Problem statement: Find each line in the following listing that has the string "building", then state the count and nothing else.

• • • • •

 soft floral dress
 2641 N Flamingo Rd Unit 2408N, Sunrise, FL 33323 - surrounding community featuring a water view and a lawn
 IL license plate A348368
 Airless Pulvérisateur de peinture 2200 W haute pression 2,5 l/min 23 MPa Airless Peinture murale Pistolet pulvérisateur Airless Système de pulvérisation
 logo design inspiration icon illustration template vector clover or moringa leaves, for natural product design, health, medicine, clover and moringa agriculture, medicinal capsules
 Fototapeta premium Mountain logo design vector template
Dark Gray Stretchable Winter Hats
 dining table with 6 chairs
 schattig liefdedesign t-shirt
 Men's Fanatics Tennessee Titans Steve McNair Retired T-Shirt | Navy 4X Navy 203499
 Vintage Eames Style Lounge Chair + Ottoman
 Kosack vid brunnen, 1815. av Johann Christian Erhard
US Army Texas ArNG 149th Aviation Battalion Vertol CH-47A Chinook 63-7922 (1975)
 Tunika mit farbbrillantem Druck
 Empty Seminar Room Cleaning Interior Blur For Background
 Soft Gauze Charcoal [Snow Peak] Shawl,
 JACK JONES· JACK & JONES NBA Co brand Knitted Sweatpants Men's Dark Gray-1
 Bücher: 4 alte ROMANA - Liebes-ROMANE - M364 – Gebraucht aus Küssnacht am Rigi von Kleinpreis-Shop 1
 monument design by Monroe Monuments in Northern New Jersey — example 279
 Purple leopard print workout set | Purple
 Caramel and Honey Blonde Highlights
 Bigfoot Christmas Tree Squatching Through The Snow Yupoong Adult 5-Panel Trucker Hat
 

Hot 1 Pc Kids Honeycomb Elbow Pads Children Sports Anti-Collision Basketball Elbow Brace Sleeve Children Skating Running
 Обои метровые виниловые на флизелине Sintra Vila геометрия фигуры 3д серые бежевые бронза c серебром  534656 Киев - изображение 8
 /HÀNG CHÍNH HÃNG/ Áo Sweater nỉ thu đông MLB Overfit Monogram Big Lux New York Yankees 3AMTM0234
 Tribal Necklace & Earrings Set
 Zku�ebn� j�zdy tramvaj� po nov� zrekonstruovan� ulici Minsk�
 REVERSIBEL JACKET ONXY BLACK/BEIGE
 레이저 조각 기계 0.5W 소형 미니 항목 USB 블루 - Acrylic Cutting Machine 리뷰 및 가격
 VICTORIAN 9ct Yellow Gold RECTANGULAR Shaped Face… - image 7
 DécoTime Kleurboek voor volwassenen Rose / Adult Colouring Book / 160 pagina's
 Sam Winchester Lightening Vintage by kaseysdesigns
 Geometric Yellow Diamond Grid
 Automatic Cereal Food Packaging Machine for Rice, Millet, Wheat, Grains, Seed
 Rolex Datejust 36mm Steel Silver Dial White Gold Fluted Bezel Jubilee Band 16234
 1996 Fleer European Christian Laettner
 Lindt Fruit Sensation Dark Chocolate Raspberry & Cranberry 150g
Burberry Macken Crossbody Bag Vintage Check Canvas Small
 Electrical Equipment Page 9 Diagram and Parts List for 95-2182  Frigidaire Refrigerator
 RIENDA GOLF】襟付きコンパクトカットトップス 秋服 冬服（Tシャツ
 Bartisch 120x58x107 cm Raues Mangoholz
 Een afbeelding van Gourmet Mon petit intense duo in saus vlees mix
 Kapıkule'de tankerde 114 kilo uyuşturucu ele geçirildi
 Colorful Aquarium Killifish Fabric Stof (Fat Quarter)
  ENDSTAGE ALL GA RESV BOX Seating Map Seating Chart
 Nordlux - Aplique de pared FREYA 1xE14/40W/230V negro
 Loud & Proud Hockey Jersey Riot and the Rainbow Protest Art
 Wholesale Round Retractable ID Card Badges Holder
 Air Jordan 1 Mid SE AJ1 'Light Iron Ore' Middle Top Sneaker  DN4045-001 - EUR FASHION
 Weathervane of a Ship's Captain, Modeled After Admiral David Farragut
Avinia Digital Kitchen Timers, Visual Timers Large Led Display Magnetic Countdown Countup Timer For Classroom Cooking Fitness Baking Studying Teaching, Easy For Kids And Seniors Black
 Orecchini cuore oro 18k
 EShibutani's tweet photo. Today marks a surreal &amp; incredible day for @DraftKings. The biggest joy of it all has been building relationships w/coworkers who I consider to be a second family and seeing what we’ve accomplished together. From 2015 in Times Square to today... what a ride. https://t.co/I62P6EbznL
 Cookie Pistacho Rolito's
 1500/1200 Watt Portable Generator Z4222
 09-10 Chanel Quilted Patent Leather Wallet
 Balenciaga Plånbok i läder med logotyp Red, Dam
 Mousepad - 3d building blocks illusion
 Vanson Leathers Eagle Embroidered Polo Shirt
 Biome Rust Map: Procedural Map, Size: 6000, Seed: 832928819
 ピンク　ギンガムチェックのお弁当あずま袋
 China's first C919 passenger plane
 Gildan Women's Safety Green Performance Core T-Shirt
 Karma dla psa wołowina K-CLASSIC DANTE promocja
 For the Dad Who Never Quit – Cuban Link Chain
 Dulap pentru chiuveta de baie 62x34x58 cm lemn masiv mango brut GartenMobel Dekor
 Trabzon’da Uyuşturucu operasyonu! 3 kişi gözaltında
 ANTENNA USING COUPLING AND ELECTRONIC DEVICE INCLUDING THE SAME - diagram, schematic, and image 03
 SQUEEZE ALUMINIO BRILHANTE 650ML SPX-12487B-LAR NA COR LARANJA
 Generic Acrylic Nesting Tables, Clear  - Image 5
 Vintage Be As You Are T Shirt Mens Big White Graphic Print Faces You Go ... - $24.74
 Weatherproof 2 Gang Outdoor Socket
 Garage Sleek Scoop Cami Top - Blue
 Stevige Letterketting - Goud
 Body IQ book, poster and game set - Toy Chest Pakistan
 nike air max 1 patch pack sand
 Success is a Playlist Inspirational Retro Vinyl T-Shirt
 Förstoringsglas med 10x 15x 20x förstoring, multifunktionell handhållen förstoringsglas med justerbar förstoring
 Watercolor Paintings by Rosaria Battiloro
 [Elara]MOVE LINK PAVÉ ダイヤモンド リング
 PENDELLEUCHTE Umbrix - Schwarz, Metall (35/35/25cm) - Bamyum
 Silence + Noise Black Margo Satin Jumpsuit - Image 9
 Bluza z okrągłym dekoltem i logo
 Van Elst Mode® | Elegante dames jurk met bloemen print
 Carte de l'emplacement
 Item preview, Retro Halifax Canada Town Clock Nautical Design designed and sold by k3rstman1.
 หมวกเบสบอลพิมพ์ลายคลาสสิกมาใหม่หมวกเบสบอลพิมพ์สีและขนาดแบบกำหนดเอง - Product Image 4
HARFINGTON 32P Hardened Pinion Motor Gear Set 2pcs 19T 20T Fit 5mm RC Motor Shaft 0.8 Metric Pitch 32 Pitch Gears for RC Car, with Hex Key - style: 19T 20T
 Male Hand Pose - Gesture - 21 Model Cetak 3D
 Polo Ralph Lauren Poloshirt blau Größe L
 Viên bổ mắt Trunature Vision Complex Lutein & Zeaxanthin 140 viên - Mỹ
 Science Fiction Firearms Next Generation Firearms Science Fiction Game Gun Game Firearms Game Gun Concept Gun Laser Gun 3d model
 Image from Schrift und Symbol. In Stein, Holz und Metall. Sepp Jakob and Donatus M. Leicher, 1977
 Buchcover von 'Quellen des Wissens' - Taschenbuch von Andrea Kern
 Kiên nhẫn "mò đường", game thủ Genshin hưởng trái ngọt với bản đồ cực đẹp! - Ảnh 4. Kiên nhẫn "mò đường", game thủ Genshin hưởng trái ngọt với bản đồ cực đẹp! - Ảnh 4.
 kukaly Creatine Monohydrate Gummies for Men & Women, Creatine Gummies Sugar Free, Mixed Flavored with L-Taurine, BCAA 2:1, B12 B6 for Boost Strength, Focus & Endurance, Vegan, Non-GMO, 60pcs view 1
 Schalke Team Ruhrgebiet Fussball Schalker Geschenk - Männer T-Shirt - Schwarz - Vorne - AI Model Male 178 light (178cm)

• • • • •

Task output: 2